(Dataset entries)
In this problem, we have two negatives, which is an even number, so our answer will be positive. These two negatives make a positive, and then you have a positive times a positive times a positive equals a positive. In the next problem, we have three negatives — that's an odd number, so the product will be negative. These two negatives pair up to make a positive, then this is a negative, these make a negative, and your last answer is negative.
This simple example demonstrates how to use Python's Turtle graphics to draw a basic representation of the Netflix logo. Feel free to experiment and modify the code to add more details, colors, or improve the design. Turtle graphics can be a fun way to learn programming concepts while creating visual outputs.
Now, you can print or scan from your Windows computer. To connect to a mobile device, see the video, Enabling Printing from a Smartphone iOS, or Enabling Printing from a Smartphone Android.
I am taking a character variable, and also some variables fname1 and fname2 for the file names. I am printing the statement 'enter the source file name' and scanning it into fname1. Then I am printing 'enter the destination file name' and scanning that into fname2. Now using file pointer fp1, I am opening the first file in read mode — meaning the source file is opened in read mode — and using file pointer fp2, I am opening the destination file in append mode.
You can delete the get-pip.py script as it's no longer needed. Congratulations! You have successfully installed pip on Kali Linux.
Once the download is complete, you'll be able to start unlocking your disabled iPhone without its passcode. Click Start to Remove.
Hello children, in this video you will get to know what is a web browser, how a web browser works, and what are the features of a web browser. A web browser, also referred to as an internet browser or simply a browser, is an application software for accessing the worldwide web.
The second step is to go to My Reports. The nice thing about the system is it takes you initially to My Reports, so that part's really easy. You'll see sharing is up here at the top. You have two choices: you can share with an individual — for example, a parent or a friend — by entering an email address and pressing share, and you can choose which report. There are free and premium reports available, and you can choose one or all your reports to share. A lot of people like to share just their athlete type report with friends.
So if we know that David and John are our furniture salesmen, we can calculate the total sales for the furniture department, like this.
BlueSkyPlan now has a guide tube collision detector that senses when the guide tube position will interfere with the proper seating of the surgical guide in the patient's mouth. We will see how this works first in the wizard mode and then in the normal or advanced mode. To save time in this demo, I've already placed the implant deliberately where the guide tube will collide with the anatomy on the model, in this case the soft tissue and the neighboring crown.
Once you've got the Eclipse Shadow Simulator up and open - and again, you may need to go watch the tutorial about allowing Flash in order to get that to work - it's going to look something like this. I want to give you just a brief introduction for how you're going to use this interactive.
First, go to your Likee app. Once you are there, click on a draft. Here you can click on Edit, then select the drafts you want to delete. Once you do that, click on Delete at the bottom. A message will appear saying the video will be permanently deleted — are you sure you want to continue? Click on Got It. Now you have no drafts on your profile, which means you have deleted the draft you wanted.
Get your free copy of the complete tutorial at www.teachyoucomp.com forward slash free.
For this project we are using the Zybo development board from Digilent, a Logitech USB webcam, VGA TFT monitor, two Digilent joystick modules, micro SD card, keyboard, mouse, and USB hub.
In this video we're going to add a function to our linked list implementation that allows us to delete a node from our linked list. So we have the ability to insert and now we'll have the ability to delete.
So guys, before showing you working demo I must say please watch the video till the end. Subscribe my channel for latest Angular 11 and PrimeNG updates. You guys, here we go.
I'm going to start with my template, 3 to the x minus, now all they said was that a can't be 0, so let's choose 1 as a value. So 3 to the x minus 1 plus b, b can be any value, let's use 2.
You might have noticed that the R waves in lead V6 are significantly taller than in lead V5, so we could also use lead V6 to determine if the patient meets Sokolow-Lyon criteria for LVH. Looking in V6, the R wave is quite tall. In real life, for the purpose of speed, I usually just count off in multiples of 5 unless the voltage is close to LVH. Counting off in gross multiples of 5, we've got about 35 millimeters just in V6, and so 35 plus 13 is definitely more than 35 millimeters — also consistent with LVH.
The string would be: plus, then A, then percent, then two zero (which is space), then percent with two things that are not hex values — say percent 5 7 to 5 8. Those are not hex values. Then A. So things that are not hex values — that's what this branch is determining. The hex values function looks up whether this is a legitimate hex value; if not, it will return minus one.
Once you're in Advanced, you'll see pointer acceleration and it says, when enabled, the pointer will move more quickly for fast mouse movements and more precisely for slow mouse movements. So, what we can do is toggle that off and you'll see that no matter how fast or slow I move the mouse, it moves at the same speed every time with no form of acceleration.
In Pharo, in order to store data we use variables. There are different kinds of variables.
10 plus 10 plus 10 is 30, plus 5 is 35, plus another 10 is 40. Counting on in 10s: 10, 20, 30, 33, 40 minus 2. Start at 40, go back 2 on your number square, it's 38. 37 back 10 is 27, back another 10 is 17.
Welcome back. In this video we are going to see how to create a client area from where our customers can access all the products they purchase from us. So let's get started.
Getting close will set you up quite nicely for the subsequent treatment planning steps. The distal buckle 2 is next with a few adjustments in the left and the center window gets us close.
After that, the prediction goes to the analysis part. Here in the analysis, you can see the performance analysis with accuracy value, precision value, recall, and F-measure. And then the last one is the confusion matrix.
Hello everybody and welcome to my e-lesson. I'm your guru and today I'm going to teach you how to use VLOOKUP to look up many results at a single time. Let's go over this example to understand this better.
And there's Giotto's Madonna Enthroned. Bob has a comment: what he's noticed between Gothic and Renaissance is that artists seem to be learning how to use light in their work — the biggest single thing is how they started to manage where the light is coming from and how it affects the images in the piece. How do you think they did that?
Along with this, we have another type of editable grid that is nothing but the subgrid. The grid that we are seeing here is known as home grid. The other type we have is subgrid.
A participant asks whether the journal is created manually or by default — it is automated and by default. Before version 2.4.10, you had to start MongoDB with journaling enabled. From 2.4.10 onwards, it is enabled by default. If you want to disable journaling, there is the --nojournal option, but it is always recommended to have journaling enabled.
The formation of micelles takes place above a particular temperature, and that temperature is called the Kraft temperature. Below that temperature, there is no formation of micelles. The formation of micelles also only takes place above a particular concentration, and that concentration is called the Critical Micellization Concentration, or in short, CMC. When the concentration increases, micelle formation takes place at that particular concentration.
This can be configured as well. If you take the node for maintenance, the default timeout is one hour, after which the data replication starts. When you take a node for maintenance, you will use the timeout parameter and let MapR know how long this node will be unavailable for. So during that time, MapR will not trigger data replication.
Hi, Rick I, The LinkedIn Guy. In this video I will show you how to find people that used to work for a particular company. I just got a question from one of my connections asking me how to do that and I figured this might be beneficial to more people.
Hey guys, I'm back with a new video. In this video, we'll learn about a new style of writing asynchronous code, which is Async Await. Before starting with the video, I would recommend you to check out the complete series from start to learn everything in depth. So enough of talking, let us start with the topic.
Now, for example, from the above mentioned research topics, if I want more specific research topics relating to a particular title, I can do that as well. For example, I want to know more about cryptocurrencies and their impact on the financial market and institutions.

The task
As listed above, the lines from the line with "Once you're in" to the line with "Welcome back. In" are to be echoed exactly, with both ends included and nothing added.

Written answer
Once you're in Advanced, you'll see pointer acceleration and it says, when enabled, the pointer will move more quickly for fast mouse movements and more precisely for slow mouse movements. So, what we can do is toggle that off and you'll see that no matter how fast or slow I move the mouse, it moves at the same speed every time with no form of acceleration.
In Pharo, in order to store data we use variables. There are different kinds of variables.
10 plus 10 plus 10 is 30, plus 5 is 35, plus another 10 is 40. Counting on in 10s: 10, 20, 30, 33, 40 minus 2. Start at 40, go back 2 on your number square, it's 38. 37 back 10 is 27, back another 10 is 17.
Welcome back. In this video we are going to see how to create a client area from where our customers can access all the products they purchase from us. So let's get started.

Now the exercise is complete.